Other picks in the round: There were no Hall of Famers in this group, but several significant players popped up here. They include Henry Ellard of the Rams, Dave Lutz of the Chiefs, Leonard Marshall of the Giants, Roger Craig of the 49ers, Ray Horton of the Bengals, and Bill Pickel of the Raiders.

The details: Talley needed a little time to settle into the Bills’ defense, but once he did he was the heart and soul of the Buffalo teams that reached four straight Super Bowls. Darryl started every game from 1989 to 1994, and made two Pro Bowls along the way. Talley ended his career in Atlanta and Minnesota, but he remains a beloved member of the Bills.

Other 39s: Sam Cowart was a tackling machine three seasons in the late 1990s, but he tore his Achilles tendon in the opener in 2001 and really was never the same. Cowart signed with the Jets in 2002, and finished his career in Minnesota in 2005.

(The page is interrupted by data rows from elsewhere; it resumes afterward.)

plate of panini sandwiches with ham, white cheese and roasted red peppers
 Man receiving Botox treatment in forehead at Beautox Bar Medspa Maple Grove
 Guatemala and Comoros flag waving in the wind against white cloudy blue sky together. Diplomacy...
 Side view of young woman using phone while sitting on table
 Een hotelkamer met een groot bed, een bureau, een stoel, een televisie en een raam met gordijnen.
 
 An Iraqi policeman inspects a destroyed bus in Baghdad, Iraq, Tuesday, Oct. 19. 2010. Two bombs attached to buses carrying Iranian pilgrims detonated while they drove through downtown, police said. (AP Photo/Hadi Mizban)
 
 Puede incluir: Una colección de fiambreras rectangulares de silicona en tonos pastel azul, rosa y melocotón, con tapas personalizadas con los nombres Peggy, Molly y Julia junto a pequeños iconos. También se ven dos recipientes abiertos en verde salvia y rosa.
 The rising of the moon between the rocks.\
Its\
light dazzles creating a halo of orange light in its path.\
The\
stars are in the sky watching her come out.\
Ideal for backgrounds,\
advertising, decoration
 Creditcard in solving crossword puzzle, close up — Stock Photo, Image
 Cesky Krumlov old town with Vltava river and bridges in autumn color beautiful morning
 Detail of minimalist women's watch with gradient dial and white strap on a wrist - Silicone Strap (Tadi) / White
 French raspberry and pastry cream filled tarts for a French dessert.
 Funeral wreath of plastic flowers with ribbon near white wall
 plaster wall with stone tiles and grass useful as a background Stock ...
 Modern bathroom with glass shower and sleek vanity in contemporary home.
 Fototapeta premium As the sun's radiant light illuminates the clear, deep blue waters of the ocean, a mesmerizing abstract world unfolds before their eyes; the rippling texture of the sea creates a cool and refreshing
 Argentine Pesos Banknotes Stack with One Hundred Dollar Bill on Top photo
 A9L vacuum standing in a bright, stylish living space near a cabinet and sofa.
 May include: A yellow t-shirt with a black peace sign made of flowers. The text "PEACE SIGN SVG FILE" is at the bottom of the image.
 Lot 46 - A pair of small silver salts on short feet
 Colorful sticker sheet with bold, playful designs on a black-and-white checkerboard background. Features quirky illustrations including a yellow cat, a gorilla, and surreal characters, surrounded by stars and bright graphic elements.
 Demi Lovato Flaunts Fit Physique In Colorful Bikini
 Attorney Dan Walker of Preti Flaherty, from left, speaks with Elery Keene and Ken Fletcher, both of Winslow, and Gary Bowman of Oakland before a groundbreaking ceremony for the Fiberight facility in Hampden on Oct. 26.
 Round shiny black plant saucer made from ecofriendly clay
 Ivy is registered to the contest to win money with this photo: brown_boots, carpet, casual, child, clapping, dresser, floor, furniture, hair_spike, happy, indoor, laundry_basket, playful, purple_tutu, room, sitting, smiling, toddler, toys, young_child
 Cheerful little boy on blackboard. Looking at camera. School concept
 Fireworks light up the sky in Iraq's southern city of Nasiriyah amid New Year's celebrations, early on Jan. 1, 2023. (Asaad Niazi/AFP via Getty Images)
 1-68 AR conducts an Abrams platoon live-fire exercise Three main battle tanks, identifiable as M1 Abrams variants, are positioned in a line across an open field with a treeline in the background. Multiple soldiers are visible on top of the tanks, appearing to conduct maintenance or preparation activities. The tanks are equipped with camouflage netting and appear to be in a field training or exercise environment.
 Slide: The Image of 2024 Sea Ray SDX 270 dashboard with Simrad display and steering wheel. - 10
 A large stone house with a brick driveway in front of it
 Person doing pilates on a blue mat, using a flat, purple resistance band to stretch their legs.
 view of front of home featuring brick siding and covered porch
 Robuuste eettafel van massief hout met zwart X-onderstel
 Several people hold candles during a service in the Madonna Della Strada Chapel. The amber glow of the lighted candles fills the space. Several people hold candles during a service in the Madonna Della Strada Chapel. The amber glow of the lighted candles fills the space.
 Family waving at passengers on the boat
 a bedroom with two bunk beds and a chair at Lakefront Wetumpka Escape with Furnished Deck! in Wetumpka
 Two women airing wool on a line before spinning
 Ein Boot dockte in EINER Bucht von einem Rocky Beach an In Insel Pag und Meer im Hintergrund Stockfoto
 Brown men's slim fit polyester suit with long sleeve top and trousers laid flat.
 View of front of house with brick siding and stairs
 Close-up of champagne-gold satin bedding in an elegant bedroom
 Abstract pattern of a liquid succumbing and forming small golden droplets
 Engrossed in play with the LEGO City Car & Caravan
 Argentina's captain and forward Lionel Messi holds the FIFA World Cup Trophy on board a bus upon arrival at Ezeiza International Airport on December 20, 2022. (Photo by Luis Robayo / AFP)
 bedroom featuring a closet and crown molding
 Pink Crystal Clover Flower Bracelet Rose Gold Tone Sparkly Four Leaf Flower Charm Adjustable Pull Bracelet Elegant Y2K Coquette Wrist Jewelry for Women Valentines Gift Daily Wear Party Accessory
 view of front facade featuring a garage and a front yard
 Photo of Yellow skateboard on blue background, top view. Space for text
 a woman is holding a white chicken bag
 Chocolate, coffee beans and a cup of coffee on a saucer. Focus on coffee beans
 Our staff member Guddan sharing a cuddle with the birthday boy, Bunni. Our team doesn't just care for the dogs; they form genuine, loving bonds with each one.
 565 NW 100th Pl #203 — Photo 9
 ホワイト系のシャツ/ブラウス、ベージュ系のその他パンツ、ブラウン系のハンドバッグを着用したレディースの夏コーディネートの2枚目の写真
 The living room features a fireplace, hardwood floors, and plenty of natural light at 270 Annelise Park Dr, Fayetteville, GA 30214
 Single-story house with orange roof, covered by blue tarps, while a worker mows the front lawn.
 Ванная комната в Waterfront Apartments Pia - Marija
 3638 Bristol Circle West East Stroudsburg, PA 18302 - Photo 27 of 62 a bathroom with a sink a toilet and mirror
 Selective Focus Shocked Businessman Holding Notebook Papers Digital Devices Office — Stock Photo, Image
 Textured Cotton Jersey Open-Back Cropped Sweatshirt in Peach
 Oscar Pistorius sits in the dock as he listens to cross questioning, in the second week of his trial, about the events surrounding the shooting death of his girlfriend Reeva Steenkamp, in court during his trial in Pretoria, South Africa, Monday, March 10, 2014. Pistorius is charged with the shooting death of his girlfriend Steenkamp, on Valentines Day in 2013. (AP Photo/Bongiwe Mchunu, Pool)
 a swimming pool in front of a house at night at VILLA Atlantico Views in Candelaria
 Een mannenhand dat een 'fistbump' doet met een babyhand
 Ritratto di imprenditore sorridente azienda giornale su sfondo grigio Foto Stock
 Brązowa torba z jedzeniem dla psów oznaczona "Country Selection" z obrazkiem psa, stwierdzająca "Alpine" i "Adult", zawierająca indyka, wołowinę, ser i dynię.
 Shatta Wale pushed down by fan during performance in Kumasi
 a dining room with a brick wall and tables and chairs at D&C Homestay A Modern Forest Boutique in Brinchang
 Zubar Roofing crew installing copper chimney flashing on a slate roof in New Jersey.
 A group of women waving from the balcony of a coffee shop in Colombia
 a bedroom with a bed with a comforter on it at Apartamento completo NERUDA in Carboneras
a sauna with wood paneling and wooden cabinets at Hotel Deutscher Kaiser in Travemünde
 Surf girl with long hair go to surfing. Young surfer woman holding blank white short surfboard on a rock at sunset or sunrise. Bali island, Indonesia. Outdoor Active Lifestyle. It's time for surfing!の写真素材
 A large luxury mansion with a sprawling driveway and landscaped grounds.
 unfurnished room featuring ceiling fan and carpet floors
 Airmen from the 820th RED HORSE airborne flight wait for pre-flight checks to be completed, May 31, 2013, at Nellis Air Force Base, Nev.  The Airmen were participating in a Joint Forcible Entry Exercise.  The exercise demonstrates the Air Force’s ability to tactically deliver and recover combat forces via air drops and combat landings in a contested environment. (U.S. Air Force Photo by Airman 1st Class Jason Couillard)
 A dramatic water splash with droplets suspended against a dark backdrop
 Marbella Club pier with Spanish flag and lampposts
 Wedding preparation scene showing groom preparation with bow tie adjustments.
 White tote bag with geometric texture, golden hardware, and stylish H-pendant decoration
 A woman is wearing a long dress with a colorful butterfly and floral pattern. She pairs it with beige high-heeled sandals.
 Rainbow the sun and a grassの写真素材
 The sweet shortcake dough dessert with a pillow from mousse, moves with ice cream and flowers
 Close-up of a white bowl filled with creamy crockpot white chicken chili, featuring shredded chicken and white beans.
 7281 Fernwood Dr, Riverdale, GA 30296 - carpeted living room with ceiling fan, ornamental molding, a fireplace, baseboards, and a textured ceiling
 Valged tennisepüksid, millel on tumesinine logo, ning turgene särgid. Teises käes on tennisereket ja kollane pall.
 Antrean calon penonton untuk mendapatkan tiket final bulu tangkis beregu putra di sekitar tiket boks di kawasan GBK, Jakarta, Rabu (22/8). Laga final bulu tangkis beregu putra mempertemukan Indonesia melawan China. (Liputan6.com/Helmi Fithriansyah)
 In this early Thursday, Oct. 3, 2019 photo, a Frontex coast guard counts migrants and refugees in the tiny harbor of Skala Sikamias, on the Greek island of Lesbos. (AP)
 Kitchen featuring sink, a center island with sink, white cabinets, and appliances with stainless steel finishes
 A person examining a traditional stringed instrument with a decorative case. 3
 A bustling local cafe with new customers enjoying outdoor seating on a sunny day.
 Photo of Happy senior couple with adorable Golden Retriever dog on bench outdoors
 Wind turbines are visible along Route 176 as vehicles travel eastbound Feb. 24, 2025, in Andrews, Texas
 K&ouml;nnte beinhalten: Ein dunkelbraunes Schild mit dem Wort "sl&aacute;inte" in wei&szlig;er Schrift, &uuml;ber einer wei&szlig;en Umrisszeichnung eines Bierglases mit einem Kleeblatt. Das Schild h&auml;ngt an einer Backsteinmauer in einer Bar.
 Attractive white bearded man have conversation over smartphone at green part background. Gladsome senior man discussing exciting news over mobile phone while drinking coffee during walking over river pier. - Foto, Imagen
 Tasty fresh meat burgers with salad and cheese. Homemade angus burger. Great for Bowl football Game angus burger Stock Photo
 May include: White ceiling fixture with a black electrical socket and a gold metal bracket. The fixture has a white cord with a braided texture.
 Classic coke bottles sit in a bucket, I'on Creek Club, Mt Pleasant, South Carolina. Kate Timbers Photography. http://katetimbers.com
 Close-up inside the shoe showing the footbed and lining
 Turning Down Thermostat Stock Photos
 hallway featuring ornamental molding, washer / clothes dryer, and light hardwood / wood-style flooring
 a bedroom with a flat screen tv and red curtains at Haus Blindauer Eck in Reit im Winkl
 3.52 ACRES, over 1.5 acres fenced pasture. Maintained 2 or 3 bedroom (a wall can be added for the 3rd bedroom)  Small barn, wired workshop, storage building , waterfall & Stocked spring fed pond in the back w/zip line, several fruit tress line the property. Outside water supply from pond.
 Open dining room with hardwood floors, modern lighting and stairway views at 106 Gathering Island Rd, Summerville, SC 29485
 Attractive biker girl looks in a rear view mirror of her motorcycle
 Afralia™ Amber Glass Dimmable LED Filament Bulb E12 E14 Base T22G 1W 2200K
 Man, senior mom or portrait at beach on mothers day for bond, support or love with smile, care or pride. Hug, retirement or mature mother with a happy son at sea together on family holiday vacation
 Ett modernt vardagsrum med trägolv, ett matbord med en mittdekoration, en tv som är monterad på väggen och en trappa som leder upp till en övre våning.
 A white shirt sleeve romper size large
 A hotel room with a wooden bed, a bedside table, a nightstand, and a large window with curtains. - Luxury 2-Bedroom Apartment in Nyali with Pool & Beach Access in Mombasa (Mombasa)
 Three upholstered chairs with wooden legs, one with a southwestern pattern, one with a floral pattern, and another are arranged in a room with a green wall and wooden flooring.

No. 40 – Thurman Thomas of the Bills

Taken in Round 2 in 1988.

The next pick: Dallas grabbed linebacker Ken Norton Jr. at pick No. 41, and he was a starter for 12 of his 13 seasons for the Cowboys and 49ers.

Other picks in the round: A total of 19 players from the round appeared in at least 100 games. There were two Hall of Famers among them – Thomas and center Dermontti Dawson of the Steelers. Ex-Bill Chris Spielman went at No. 29, and some of the other famous names were Eric Allen of the Eagles, Ickey Woods of the Bengals, Jumbo Elliott of the Giants, Vincent Brown of the Patriots, Fred Strickland of the Rams, Brian Blades of the Seahawks, Michael Dean Perry of the Browns, and Brett Perriman of the Saints.

The details: There were questions about Thomas entering the draft due to a knee injury. When he was finally taken by the Bills, the TV cameras showed a man with a chip on his shoulder. It didn’t take him long to become the best all-around running back in Bills history. He had eight straight 1,000-yard rushing seasons, caught as many as 62 passes in a season, and was picked for five straight Pro Bowls.

He got away: Since Thomas was in a class by himself as a player, it’s only fitting that he’s the only significant Buffalo player to be taken at No. 40. The Bills drafted Dave Simmons in that spot in 1965, but he signed with the Cardinals. The linebacker was a reserve with three teams in a four-year career.